*Required action*
Transcribe exactly everything in the data below from the line containing "11102 Patagonia Way, Bakersfield, CA" down to the line containing "a hammock by", both lines included and nothing further.

*Extracted information*
◇ ◇ ◇ ◇

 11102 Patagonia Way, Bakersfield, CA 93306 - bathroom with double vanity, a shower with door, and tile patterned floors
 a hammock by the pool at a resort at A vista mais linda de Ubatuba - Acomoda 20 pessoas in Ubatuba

◇ ◇ ◇ ◇

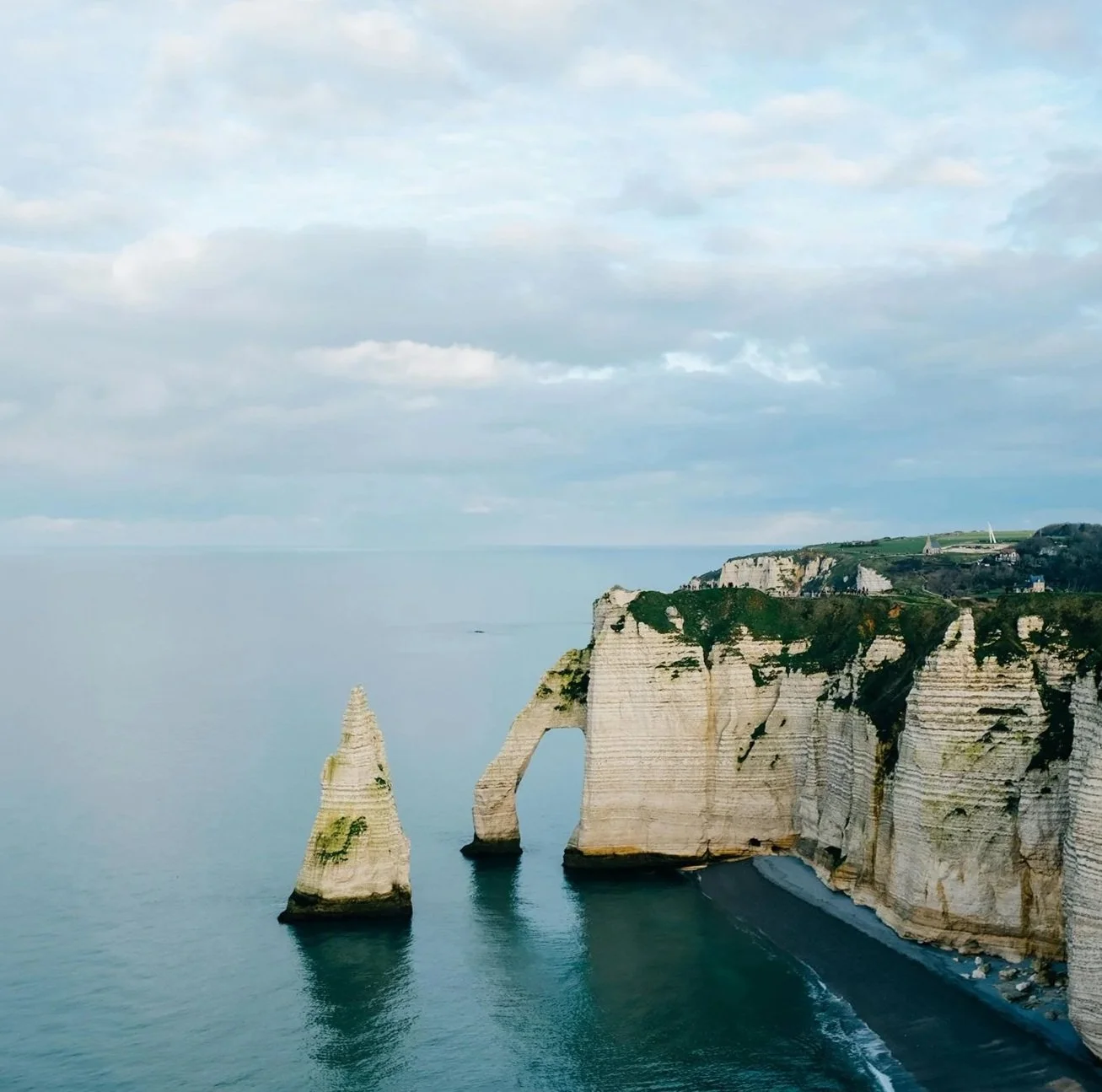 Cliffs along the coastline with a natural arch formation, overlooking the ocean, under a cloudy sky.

◇ ◇ ◇ ◇

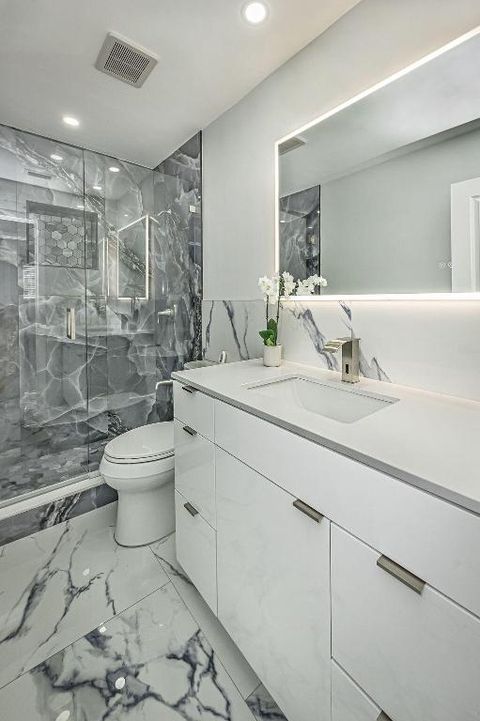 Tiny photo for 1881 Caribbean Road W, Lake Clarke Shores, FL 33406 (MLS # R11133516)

◇ ◇ ◇ ◇

*Completed exercise*
 11102 Patagonia Way, Bakersfield, CA 93306 - bathroom with double vanity, a shower with door, and tile patterned floors
 a hammock by the pool at a resort at A vista mais linda de Ubatuba - Acomoda 20 pessoas in Ubatuba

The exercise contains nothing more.